The Center for Regenerative Biology and Medicine at Mount Desert Island Biological Laboratory

2015 
Abstract : The inability to regrow functional limbs or limb segments lost to trauma or disease is a significant biomedical problem, with substantial associated monetary and quality-of-life implications for the nearly two million affected U. S. citizens and active service members. Development of in vivo therapies that restore regenerative capacity first requires an understanding of the basic gene regulatory networks controlling this biology. Thus, characterizing ancestral regulatory circuitry controlling regeneration is a necessary and direct route to identifying the mechanistic causes of regenerative failure in mammals. This proposal offers unique promise in guiding the targeted development of in vivo therapies to restore/augment human limb regeneration.

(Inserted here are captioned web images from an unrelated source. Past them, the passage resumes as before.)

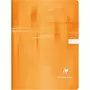 CLAIREFONTAINE Cahier piqué 24x32cm 48 pages grands carreaux Seyes orange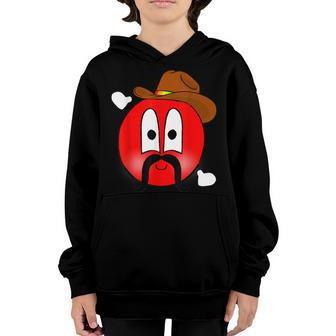 Colour Happy Red Face Hands Cowboy Day Boy Kids Adults 2023 Youth Hoodie | Mazezy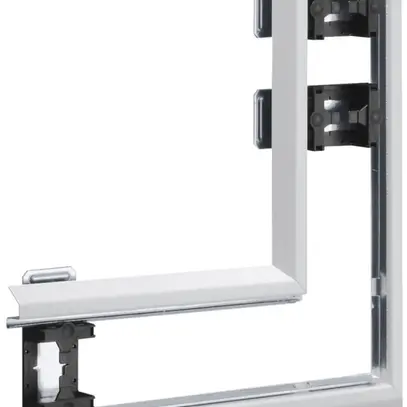 Angolo piatto Hager per BKIS 12.5mm bianco puro 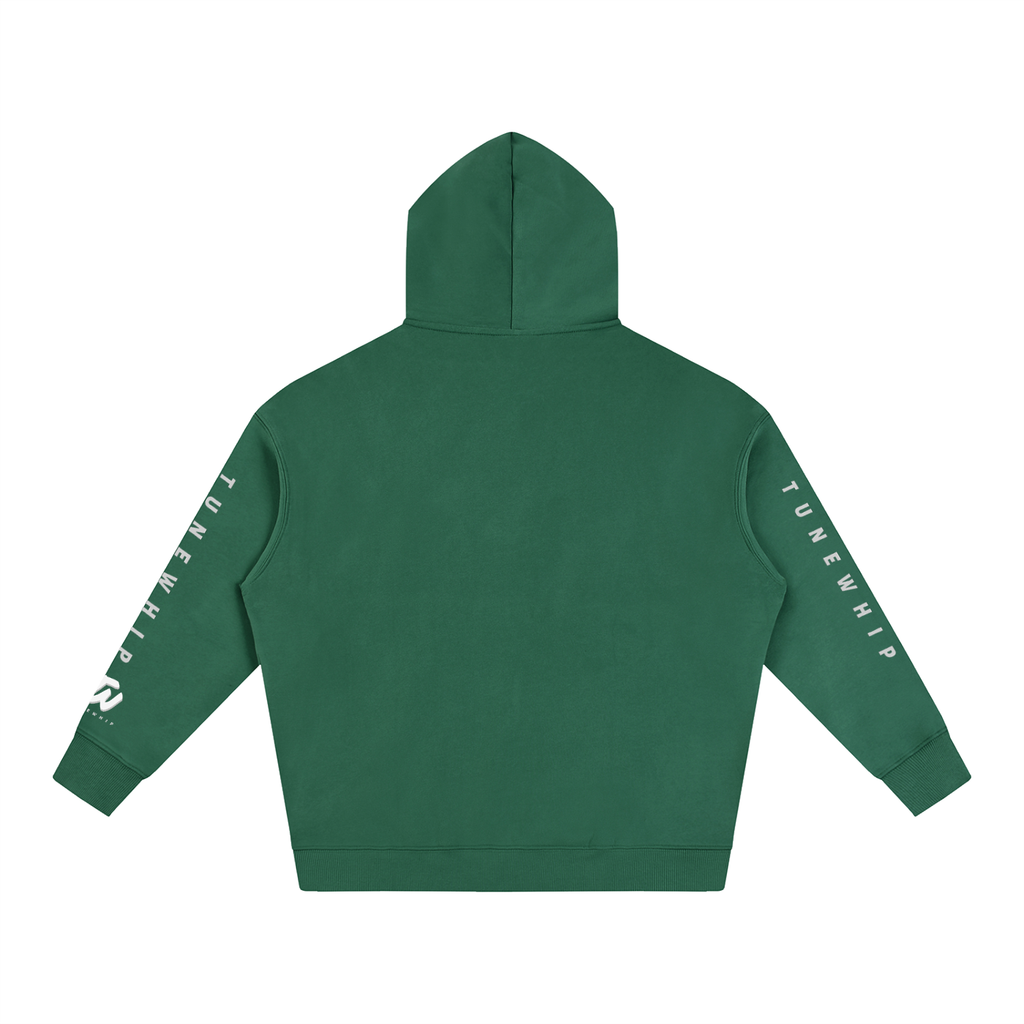 "TUNEWHIP" Oversize Fleeced Hoodie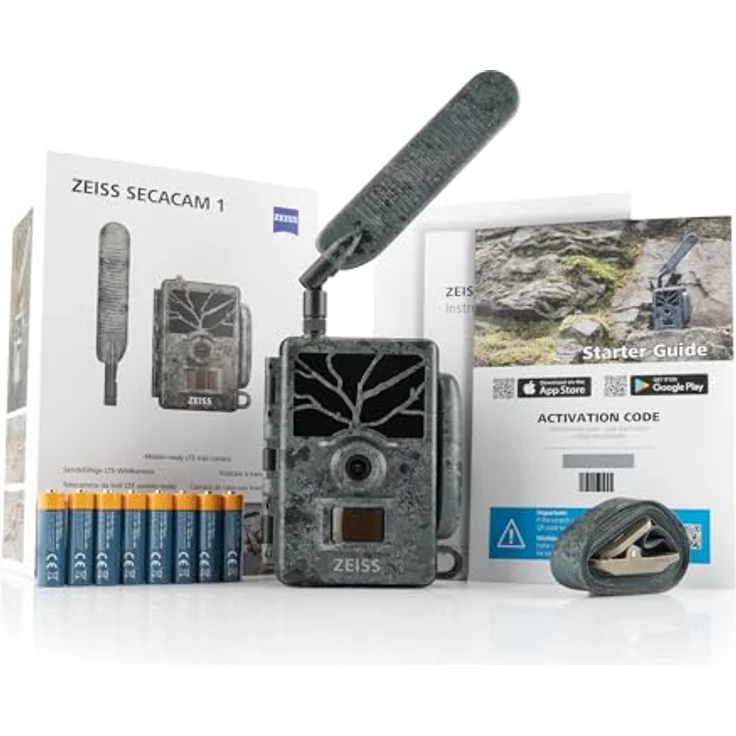 Zeiss Secacam 1 - 4er Bundle, Wildkamera mit integriertem LTE-Modul, IP-66 wettergeschützt, 90 Black-LEDs – Bild 8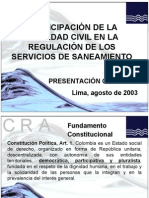 fundamentos legalesregulacion CRA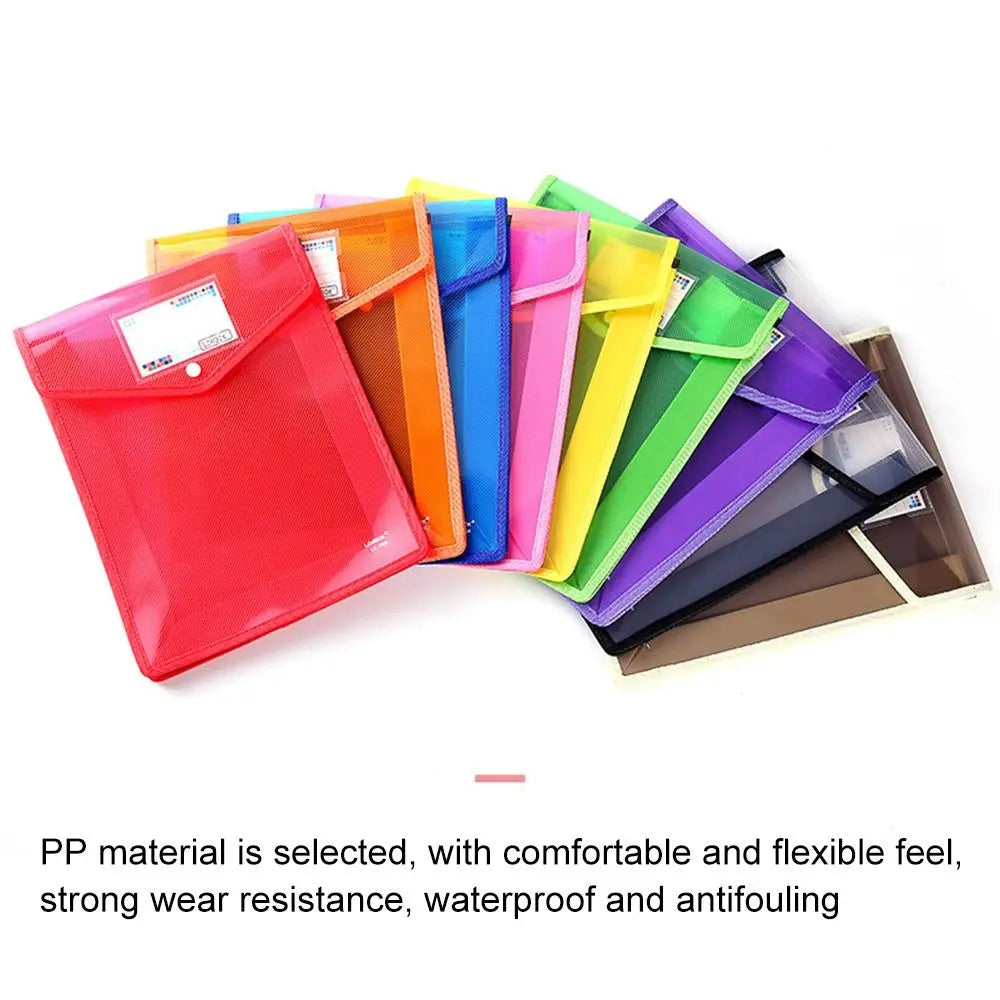 Vertical A5 Waterproof Document Storage Folder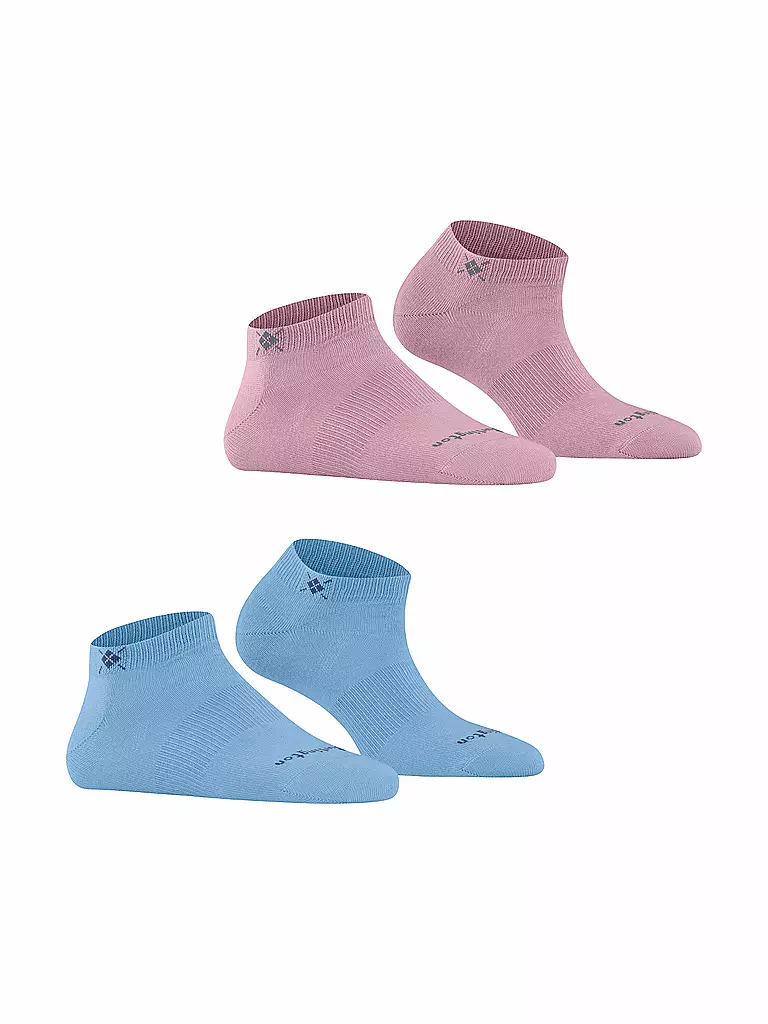 BURLINGTON | Damen Sneaker-Socken 2er Pkg. EVERYDAY 36-41 light blue | blau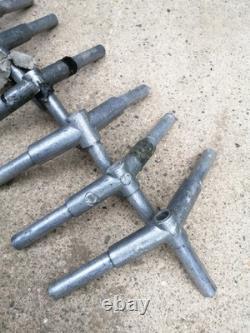 6x Job Lot British Army 9x9 Tent Knuckles Replacement Spare Military Surplus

We will leverage our recent discovery that regenerative ability is widespread in basal vertebrates to conduct the first comparative analysis of appendage regeneration that incorporates model systems from all major groups of limbed vertebrates- cartilaginous fishes, ray-finned fishes, and tetrapods. Our unique approach will identify novel functional requirements for genes/gene networks in regulating appendage regeneration by marrying a comparative organismal approach with state-of-the-art systems-level analyses of gene expression using next generation RNA sequencing and functional analysis of candidate regulators in the genetically tractable zebrafish model system through in vivo disruption of gene function.